- Description Installation
on the ground
Wall installation, plastic beads melted together, size:175 x 420 cm
Woman with two boys on the ground, Gaza 2009
The wall installation On the Ground (2009) is a work created from thousands of fused plastic beads, often referred to as melting beads. Presented the first time at OSTRALE’09, an international exhibition of contemporary art in Dresden/GER. The piece transforms an everyday craft medium (for children) into a commentary on human fragility, collectivity, and perception.
Depicting three individuals lying side by side, heads pressed to the floor and hands covering their ears, the composition recalls the hear no evil motif while evoking themes of trauma, isolation, and solidarity. The pixelated aesthetic of the beadwork mimics low-resolution digital imagery, questioning the fidelity of visual representation in an age increasingly defined by screens and mediated experience. This intentional blurring invites viewers to consider both the limits of perception and the emotional distance inherent in modern communication.
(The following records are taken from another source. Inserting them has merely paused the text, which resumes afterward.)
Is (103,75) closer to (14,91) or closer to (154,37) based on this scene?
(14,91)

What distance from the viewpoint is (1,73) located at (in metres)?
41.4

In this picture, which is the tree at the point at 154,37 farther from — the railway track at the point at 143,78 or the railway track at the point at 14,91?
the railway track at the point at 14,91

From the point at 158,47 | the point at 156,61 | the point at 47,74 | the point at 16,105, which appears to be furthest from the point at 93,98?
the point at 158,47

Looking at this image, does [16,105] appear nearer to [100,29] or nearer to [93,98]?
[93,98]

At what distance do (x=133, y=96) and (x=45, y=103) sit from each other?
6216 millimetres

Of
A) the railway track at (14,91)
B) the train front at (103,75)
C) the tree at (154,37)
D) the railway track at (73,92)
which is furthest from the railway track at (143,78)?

The original press photograph has been removed from its initial context, thereby escaping the short-lived attention span of media coverage and its immediate framing. In this shift, it transforms into an iconic image—one that reaches far beyond its original function. For me, this represents a kind of liberation of the image motif: temporally, contextually, and in terms of how it can be read and interpreted.
By choosing a medium associated with childhood play and applying it at monumental scale, the viewers are confronted with a dissonance between innocence and distress. The figures’ positions—prone, defensive, and intimate—suggest a moment of collective vulnerability, possibly in response to violence, catastrophe, or systemic oppression. Yet, the use of vivid color and the meticulous arrangement of individual beads also suggest care, patience, and the human need for connection.
On the Ground stands in a row with early 21st-century installation art that merges digital visual language with analogue, tactile materials. It reflects a deep engagement with the politics of representation, as well as the emotional dimensions of contemporary existence. The work resonates as a poetic and urgent reminder of the human need to witness, protect, and endure—together.